I saw a great movie yesterday, named "Primeval,” really scary, too. In it an actor, an African-American says, “Man, anything you do to get out of Africa is a good thing.” Really?
Now HBO and Star Movies have English sub-titles and that’s a good thing. A lot of things are clearer, and you have a better sense of the plot and what’s happening. Earlier I didn't understand Hollywood movies, all that very much, I confess. Most importantly, regardless of what is happening around you (the pre-dinner maelstrom of son’s tantrums, hunger pangs, phone calls, raucous children outside), you can understand what’s going on on television. Sub-titling, I feel, is better than dubbing Hollywood movies into Hindi. Movie watching is a pleasure. Thanks, mucho!

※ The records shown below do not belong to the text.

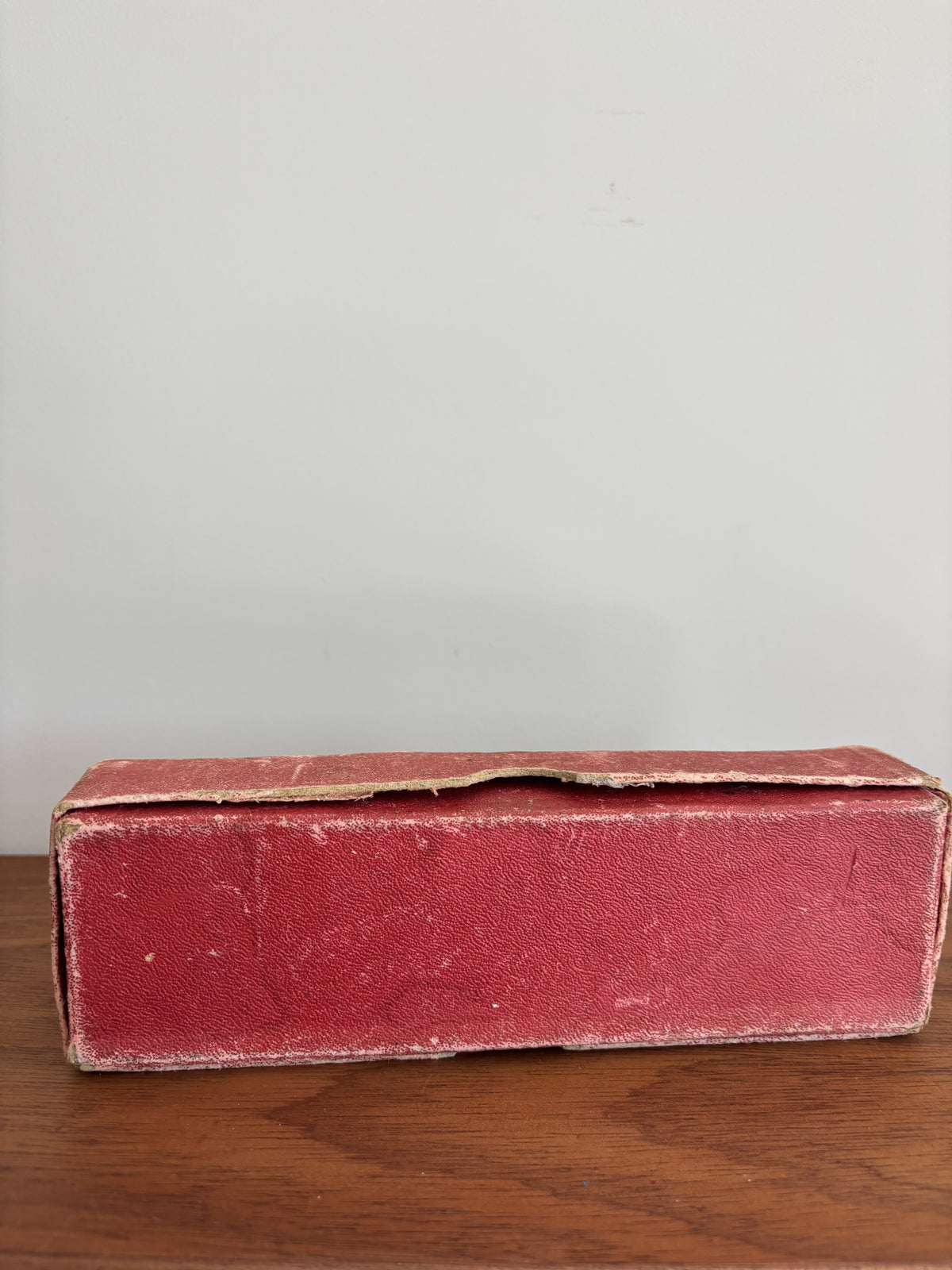 A vintage rectangular red box with a textured leather or faux-leather finish, resting on a wooden surface against a plain light gray wall.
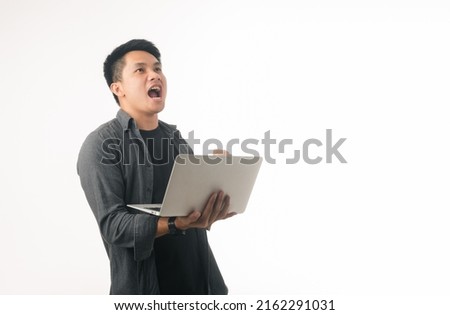 Young asian gesturing YES in front of laptop, celebrating success at home office. making great deal, signing online contract, excited over achievement on white background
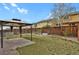 Fenced backyard featuring a patio and gazebo, surrounded by green grass and landscaping at 12685 E 104Th Pl, Commerce City, CO 80022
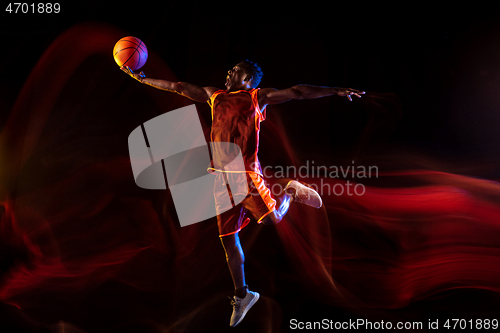 Image of Young basketball player against dark background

But, I digress. Where was I? Yeah. This character, an expatriate African, used to the good life is really so repulsed by what’s happening in his home continent that he says “getting out” is a “good thing.” Do our own NRIs also feel that way? Having been an NRI for a brief while (one year actually, in the kingdom of Saudi Arabia) I can understand the feeling very well! When I got back, it was as if I had entered a strange distant planet peopled by the great unwashed multitudes who travel in crammed trains and buses. But I wonder why I haven't immigrated again, why I stuck to India.
The reason is not far to seek. Today I was in a train compartment so full of people that due partly to the closely packed bodies and because of the oppressive heat everyone was sweating. And no one was complaining. In Europe, Americas, why even Africa, people would have killed each other if they were cooped up in such narrow spaces. But here we adjust, and we compromise, we aren’t welcoming of change, so much so that we hold on to our chicken coop mentality so well described in Adiga’s “White Tiger”. (In Kerala it’s common for chicken thieves to pour water over chicken in the night, which make them docile and silent, before abducting them. Only difference is that in India it’s sweat, not water that people are washed with.) If anything goes wrong, even if terrorists attack us, or the floods wash over us, we "adjust" and go on as if nothing happened. No it isn't the great bounce-back-to-normal spirit as much as the lack-of-viable-alternatives that is behind this.
En Passant
Recently with the coming of outsourcing centres, I guess the world is doing business the Indian way, more than India doing business their way, or the international way. Another movie I saw recently was “Outsourced” (Ayesha Dharkar is fantabulous!) which does portray an outsourcing unit with some semblance of truth.